Inside Tracker: Blood test tracker that recommends food according to nutrients you lack

Food Sense: a free app that uses heart rate measures to show you foods that cause you to have negative reactions

– Activated Charcoal: filter out toxins after a night of drinking or bad food, you’ll thank me

Catching the right amount of snooze

sleep

Optimizing sleep is a big one no matter what your life situation is. Start with a sleep tracker like Sleep Cycle for the iPhone or the Basis Watch if you want to get fancy.

Learn your cycle and then use that to figure out the best time to go to sleep and wake up. Most people have an average sleep cycle of 90 minutes where they go from light sleep to deep sleep and eventually REM sleep before coming back up through the phases to light sleep again.

You want to wake up at the lightest point in your sleep and you can use your sleep tracker info along with a website like Sleepyti.me to figure out the best time to hit the hay so you wake up refreshed and ready for the day.

The easiest sleep hack there is has to do with blue lights. Blue lights come from your iPad, TV, computer screen, and most modern lighting. Blue light tells your body it’s day time, raises your cortisol levels (stress hormone) and decreases your melatonin (sleep hormone).

While I could tell you to avoid all of those things for an hour before bed, that’s crazy to me since you could use that hour very effectively. Get a $8 pair of wayfarer blue blocking sunglasses on Amazon and put those on. Then you can look at all of those screens and still have a great nights rest.

If you want to take it a step further you can go with my office setup, but that’s a little too geeky for most.

Tech Resources:

Sleepyti.me: figure out the best times to go to sleep and wake up

Sleep Cycle: iPhone-based sleep tracker app that relies on the phone’s accelerometer

– Blue blocking sunglasses: protect your melatonin

f.Lux: free download that automatically adjusts the color temperature of your computer screen to reduce blue light exposure

Philips Hue Bulbs: app-controlled LED light bulbs that can emit every color of the rainbow, red will help you be more productive 

Working out

running

When it comes to fitness, everyone has different needs.

When I talk about about fitness I want people to get the movement they need to feel energized and vibrant.
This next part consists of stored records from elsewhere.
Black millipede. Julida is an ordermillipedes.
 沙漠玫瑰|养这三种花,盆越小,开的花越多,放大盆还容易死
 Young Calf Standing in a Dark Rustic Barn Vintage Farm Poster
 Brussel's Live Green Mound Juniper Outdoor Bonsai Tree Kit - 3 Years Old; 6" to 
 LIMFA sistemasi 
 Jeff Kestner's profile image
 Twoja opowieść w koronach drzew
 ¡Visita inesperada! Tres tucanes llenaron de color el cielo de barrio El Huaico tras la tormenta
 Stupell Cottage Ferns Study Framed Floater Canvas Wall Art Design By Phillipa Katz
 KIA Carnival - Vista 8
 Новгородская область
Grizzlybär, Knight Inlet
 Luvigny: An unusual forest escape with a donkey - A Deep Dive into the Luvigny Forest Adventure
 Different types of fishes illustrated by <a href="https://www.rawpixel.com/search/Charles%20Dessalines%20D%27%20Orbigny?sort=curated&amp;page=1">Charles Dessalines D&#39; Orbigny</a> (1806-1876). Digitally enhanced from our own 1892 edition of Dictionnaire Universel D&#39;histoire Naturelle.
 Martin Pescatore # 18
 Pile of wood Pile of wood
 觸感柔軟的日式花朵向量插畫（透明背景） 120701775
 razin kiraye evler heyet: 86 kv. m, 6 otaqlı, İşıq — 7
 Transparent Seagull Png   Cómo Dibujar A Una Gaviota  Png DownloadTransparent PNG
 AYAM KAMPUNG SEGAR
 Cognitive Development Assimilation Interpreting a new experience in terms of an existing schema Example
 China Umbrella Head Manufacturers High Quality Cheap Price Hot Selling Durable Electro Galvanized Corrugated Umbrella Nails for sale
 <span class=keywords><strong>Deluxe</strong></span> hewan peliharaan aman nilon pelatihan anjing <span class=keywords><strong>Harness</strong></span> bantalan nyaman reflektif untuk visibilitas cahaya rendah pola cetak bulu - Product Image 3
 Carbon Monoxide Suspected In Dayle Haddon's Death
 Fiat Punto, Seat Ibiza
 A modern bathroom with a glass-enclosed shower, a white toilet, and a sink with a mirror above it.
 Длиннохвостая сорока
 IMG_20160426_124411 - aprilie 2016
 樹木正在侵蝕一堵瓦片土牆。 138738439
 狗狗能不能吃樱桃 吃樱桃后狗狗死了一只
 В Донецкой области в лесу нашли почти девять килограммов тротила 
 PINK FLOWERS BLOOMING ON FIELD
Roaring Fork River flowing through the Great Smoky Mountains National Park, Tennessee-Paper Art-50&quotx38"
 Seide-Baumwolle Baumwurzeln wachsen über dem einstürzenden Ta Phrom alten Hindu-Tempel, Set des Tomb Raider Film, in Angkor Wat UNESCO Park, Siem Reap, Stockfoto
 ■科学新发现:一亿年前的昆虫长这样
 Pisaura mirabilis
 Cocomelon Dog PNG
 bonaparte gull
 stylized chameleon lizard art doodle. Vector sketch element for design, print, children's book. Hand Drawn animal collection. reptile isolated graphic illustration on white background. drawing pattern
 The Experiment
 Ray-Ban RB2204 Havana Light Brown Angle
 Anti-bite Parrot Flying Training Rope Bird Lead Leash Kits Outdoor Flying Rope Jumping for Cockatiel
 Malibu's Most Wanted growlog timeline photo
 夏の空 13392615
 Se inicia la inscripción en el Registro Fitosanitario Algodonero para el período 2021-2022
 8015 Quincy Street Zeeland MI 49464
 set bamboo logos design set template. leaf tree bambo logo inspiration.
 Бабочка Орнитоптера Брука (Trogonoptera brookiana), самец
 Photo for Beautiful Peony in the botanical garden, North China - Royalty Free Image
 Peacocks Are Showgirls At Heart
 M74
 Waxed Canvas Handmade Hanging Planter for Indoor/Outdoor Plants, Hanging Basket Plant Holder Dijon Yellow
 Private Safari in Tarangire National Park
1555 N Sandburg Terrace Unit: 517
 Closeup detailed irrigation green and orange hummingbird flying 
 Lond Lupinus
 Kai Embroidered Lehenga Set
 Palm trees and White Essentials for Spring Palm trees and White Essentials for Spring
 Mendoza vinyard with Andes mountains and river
Less is definitely more and for me, optimal fitness comes in three parts.

You need one part that is a strength/skill which can be olympic weightlifting, martial arts, or a specific sport. Basically something that gets you moving but is really about reshaping new neural pathways because you are learning and perfecting physical action.

The second part is High Intensity Interval Training. The best version is the Tabata Interval: you basically work as hard as you can for 20 seconds, then take 10 seconds rest. You repeat that eight times for a total of four minutes.

Now the work can be anything you want, sprinting, swimming, push ups, jump rope, whatever you want but you have to red line. It has to burn and it will never get easier. However, the metabolic, fat loss, and even meditative effects of this short burst workout can rival that of an hour spent in a spin class.

The final and most essential part is mobility where you really take care of the joints and muscles that will carry you into old age. Yoga, tai chi, foam rolling, even a massage are great ways to keep your parts well oiled and functioning properly.

Tech Resources:

Basis Watch: an incredibly advanced activity tracker that will even give you skin temperature readings

Stress Check: a free app that measures heart rate variability to determine the state of your nervous system and give you a barometer for deciding how hard to train that day

CNS Tap Test; a different kind of nervous system check that has you tap the screen as many times as possible in a set amount of time

These are some of my favorite resources for living healthfully in our technological world. What are some of your favorite gadgets and apps to optimize wellness?